Addison Russell’s two-run homer highlighted a four-run fourth that stopped Chicago’s 21-inning scoreless streak and ensured the NLCS will return to Wrigley Field for Game 6 on Saturday.
“It’s definitely a sigh of relief to have a big night,” Russell said.
Kenta Maeda is set to pitch for the Dodgers in Game 5 on Thursday against Jon Lester. Manager Dave Roberts said he will not start Clayton Kershaw on short rest after the Los Angeles ace threw a bullpen session Wednesday.
“It’s not an elimination game,” Roberts said.
Following consecutive shutout losses, the Cubs rapped out 13 hits on an 80-degree night with the warm Santa Ana winds fluttering the flags in center field.
Rizzo used Szczur’s bat on Tuesday night and got a broken-bat single. Szczur, left off the NLCS roster, didn’t mind. He wrapped another one for Game 4, figuring Rizzo might want to use the bat that is the same weight and size but a different model than his.
“I just saw him walking up with my bat, and I started laughing,” Szczur said. “And then he hits a homer with it.”

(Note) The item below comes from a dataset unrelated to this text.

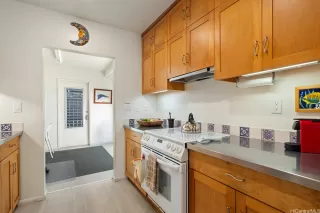 Photo #6: 202612387 Listing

Rizzo and Russell had three hits each. Chicago’s 3-4-5 hitters — a combined 2 for 32 in the first three games — busted out. Every Cubs starter got at least one hit except Kris Bryant, who walked twice and was hit by a pitch.

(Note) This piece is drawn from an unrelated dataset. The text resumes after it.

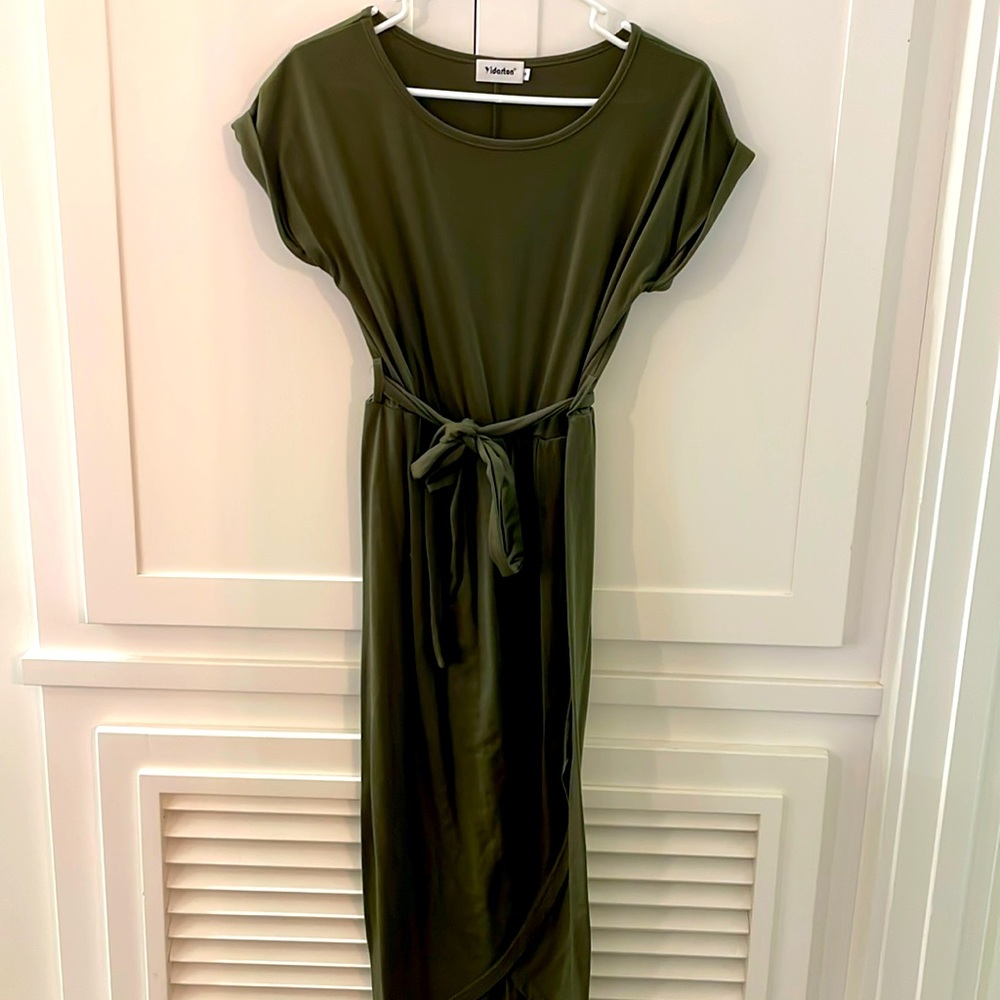 Short sleeve midi green dress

“It’s contagious, just like the lack of it is contagious,” Cubs manager Joe Maddon said. “When you start hitting, it’s contagious, defense, this whole game really follows itself.”
Los Angeles was limited to six hits and made four errors in a game that dragged on for 3 hours, 58 minutes.
“It happens, but we haven’t had a game like that in a long time,” Roberts said . “You’ve got to brush off and get ready for tomorrow.”
Mike Montgomery won in relief of John Lackey, removed after consecutive walks opening the fifth. Four days shy of his 38th birthday, Lackey allowed two runs, three hits and three walks.
“I thought we put ourselves in a position to get to Lackey, but he escaped,” Roberts said.
At 20 years, 68 days the youngest postseason starting pitcher in major league history, loser Julio Urias gave up four runs and four hits in 3 2/3 innings. He was the third consecutive left-hander to start for Los Angeles.
YOU’RE OUT ON REPLAY
Dodgers 1B Adrian Gonzalez was tagged out at home to end the second. A sliding Gonzalez stretched his left hand toward the tip of the plate as catcher Contreras applied the tag with his left hand near Gonzalez’s upper left arm.
“We’ve got plenty of still frames that prove I was safe,” Gonzalez said. “Usually they say the play stands, but they said there wasn’t enough evidence, which means they know I was safe.”
The Dodgers challenged Angel Hernandez’s decision, and the video review let the call stand. That drew online scorn from Washington star Bryce Harper.
“He was safe! Replay system still broke..Same thing all year long! #DontMessItUp,” Harper tweeted.